The federal government’s newly unveiled inflation index sparked a positive reaction in financial markets yesterday, as investors welcomed signs that the government had begun to report more credible economic data.

As expected, inflation-linked bonds, based on the CER inflation index, soared a day after the government unveiled a new consumer price methodology, seeing increases of as high as 25 percent in the Buenos Aires Stock Market before dropping slightly. The Discount bond in pesos, for example, ended the day with a 21-percent hike, followed by the PAR in pesos that rose 17.95 percent, the Cuasipar, with 14.80 percent and PR13, with 7.8 percent.

“Inflation-linked bonds reacted to the new price index with an overwhelming rise. There was a lot of euphoria just for the inflation announcement,” Alexander Zawadzki, a broker at Schweber, told the Herald. “I expect CER-linked bonds will continue growing next week but at a slower pace.”

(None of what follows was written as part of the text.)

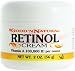 retinol7 - Retinol Cream Vitamin A 200000 Iu Per Jar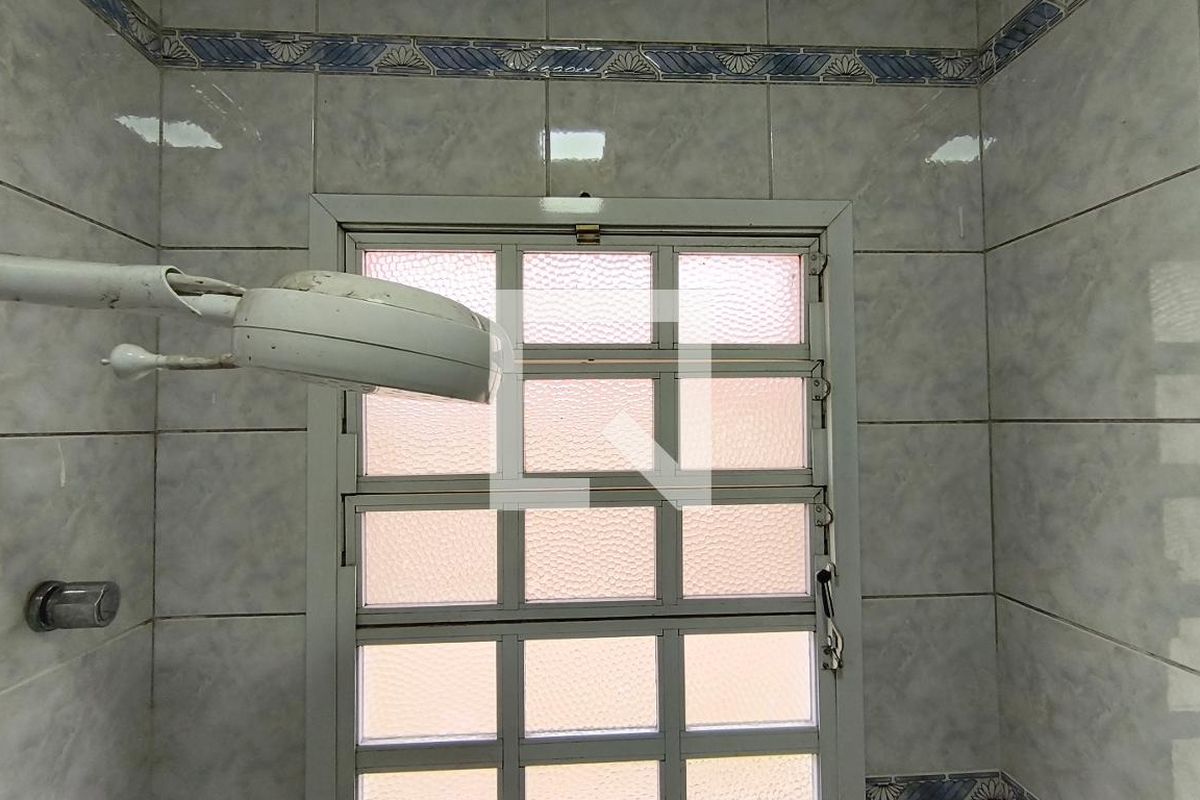 Casa, 3 quartos, 170 m² - Foto 46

The CER inflation index is devised by the Central Bank based on the government’s official numbers. Before yesterday that meant that it used the data from the INDEC that was widely believed to be fudged. Now, it will use the national urban consumer price index (IPCNu), which reported a 3.7 percent rate of inflation for January when compared to December, suggesting the government may be making good on its promise to stop lying about inflation.

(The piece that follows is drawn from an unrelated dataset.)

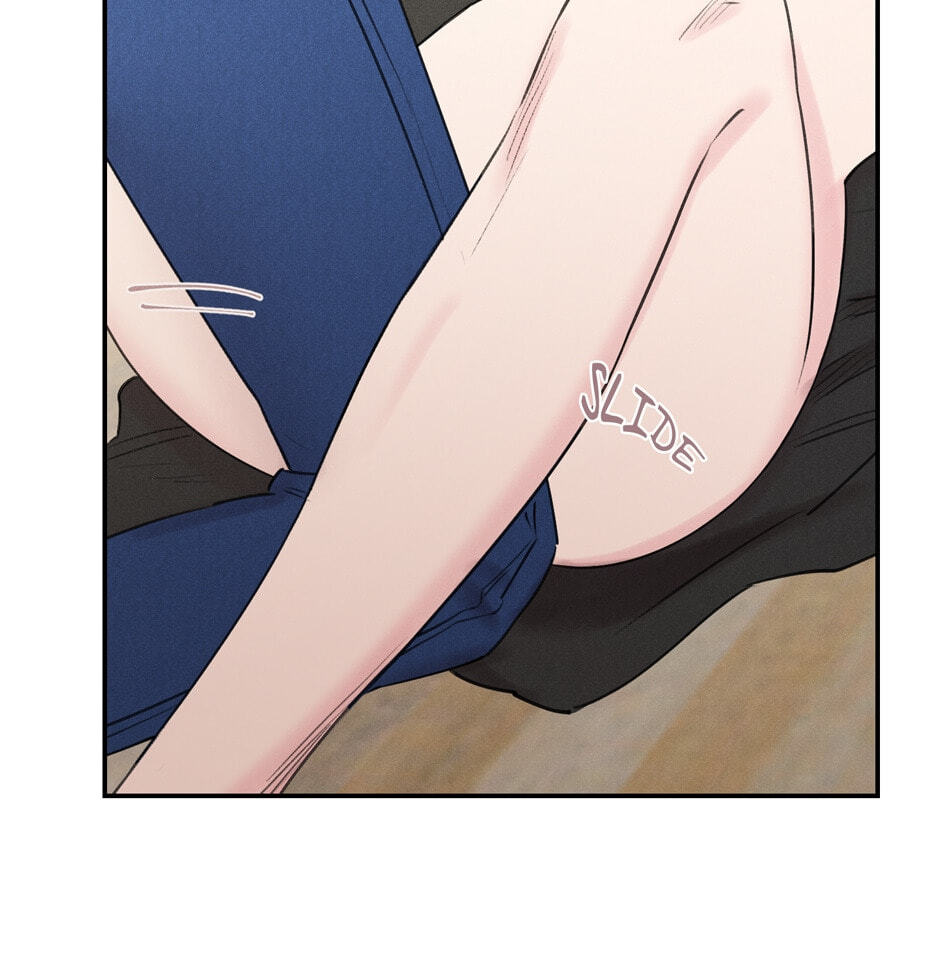 Read Program Me chapter 13 image 38 on Lezhin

Now that the INDEC has reported a higher inflation closer to the market expectations, bonds related to the CER inflation index are suddenly seen as a more attractive option for investors.

“Thanks to the new price index, bonds in pesos linked to the inflation rate have now become a much more appealing option for investors. Some people will continue to choose dollar bonds but the ones in pesos will get more fans,” Augusto Posleman, broker at Puente investment bank, told the Herald. “They will continue to increase but not as quickly as they did today.”

On the other hand, declines were registered in the most traded papers that are not directly related to the inflation rate. The Bonar X dropped 1.34 percent (896 pesos), the BDED soared 0.27 percent (750 pesos), the Boden 2015 dropped 1.85 percent (1,013 pesos) and GDP bond in dollars dropped 2.49 percent (88 pesos).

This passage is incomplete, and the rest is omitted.